WASHINGTON — The Reagan Administration ended 10 months of diplomatic thaw with North Korea on Wednesday when it imposed sanctions against the Communist regime to dramatize U.S. outrage over the terrorist bombing of a South Korean airliner in November.
State Department spokesman Charles Redman announced the steps, which are largely symbolic. He said that the United States and South Korea are discussing other measures that could be imposed to "register our common outrage at this act of mass murder."
Redman said that Secretary of State George P. Shultz withdrew the authorization he issued last March that had allowed U.S. diplomats to conduct substantive discussions with North Korean diplomats at social events and other "neutral settings."

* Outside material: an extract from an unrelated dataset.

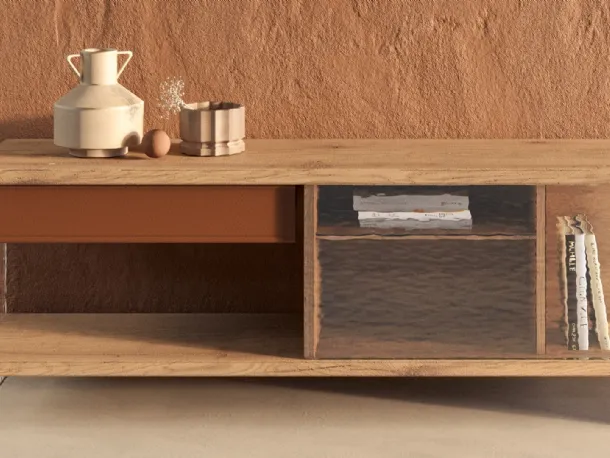 Madia in legno secolare e vetro cotto River di Nature Design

The order returned Washington-Pyongyang relations to the deep freeze that began with the Korean War of 1950-53. U.S. diplomats again are under orders to rebuff any efforts by North Korean diplomats to discuss matters of substance.
Added to Terrorism List
In addition, Redman said, the U.S. government added North Korea to its list of nations--Libya, Iran, Syria, South Yemen and Cuba--that it says sponsor international terrorism. Nations on the list are not allowed to import goods from the United States.

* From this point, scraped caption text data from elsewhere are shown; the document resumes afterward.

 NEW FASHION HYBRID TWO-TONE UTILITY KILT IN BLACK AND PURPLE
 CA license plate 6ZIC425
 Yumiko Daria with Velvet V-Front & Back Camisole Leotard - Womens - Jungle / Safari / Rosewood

Redman said that the U.S. government will also "tighten its already strict visa regime on North Korean passport holders."
The latter are largely symbolic gestures because the United States has almost no trade with North Korea and because holders of North Korean passports are almost never given visas to visit the United States.
"However, the designation (on the export ban list) is an important symbolic act, for it emphasizes, by formal listing, our conviction that North Korea supports terrorism," Redman said.
Kim Hyon Hui, a confessed North Korean agent, was charged earlier this month by South Korea with planting a bomb on Korean Air Flight 858, which disappeared Nov. 29 with 115 people on board. The plane was flying from Abu Dhabi to Seoul when it went down off the coast of Burma.
Kim told South Korean police that she and a partner, who later committed suicide, acted on the orders of Kim Jong Il, the son and heir apparent of North Korean President Kim Il Sung. The sabotage incident apparently was intended to stir security concerns before the 1988 Summer Olympic Games, to be held in Seoul.
Redman said that the Administration "has concluded that the evidence of North Korean culpability is compelling. We call on all nations to condemn North Korea for this terrorist action."